▶ **Activity**: Work through the listing below and give again exactly the lines from the one with "2017 BCSuperweek, Tour" to the one with "武漢家用除濕機/客廳臥室專用靜音系列", both ends included. All other lines and all pictures stay out.

[Data excerpts — start]

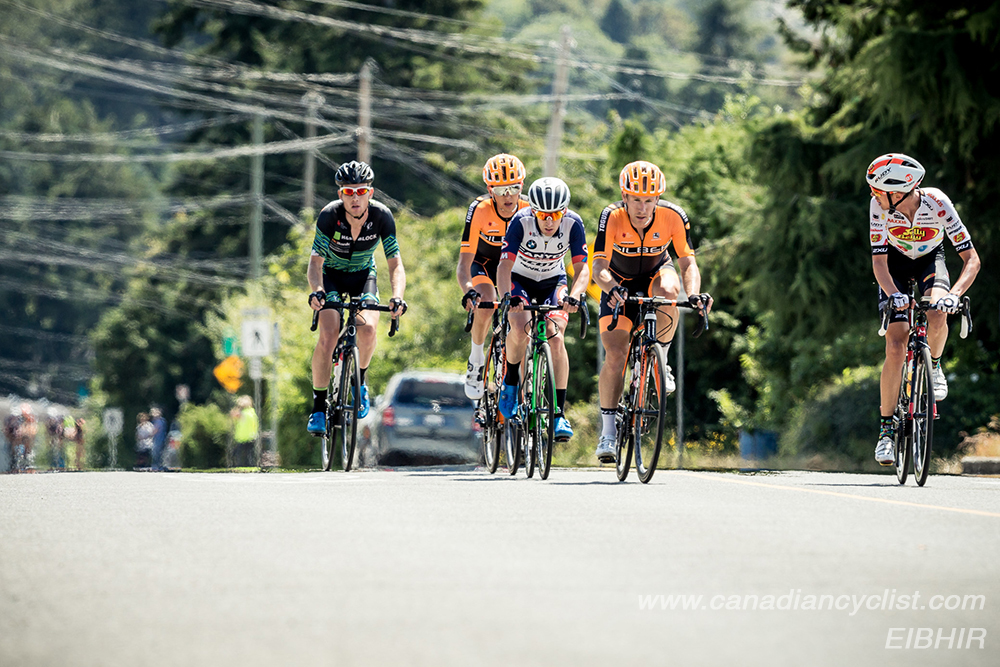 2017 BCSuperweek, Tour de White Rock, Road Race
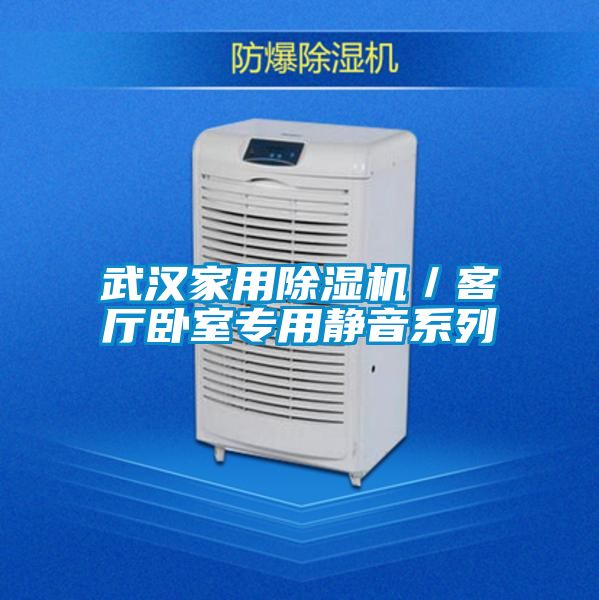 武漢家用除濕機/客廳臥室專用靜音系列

[Data excerpts — finish]
[Data excerpts — start]

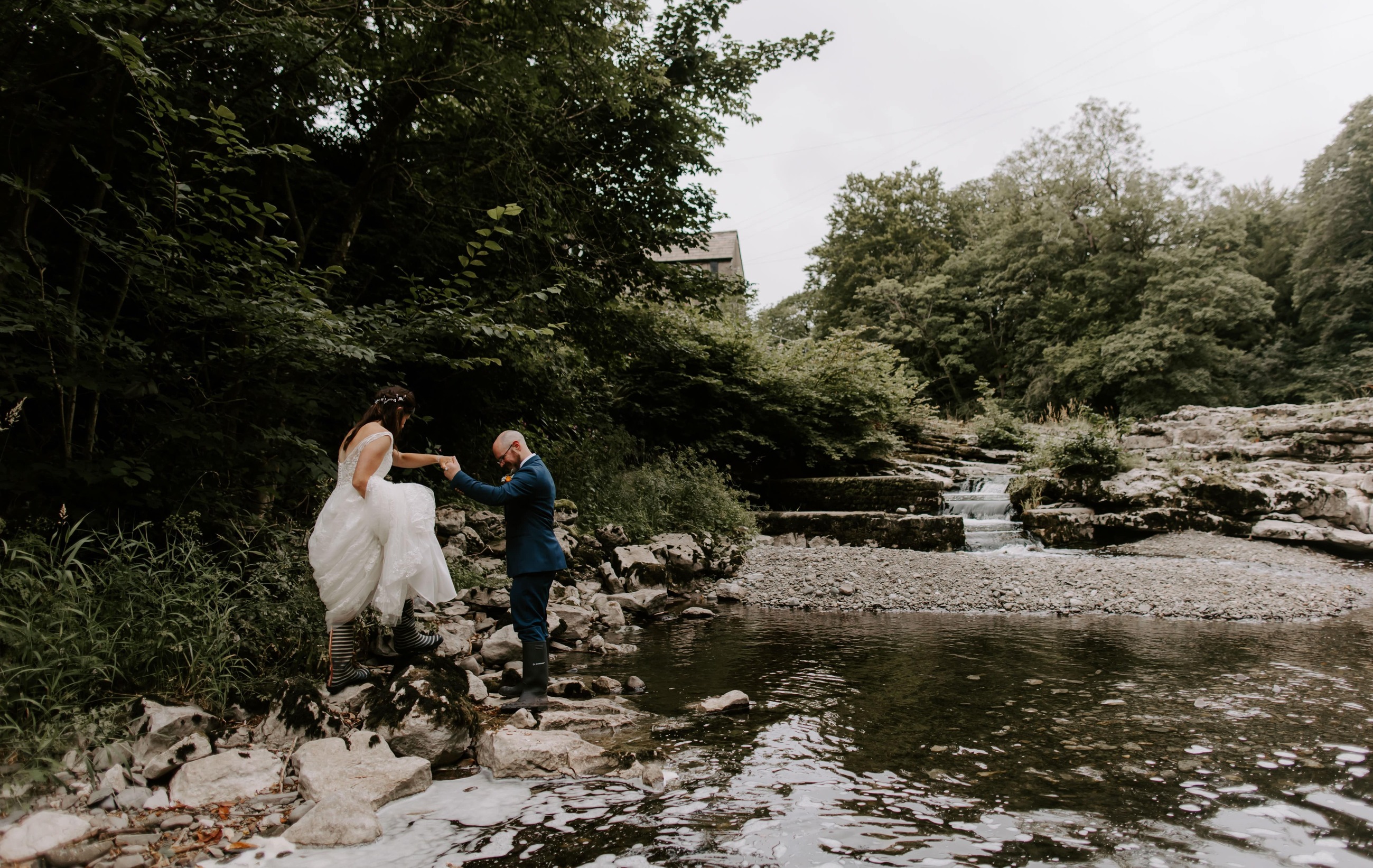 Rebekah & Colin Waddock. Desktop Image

[Data excerpts — finish]

▶ **Exercise answer**:
 2017 BCSuperweek, Tour de White Rock, Road Race
 武漢家用除濕機/客廳臥室專用靜音系列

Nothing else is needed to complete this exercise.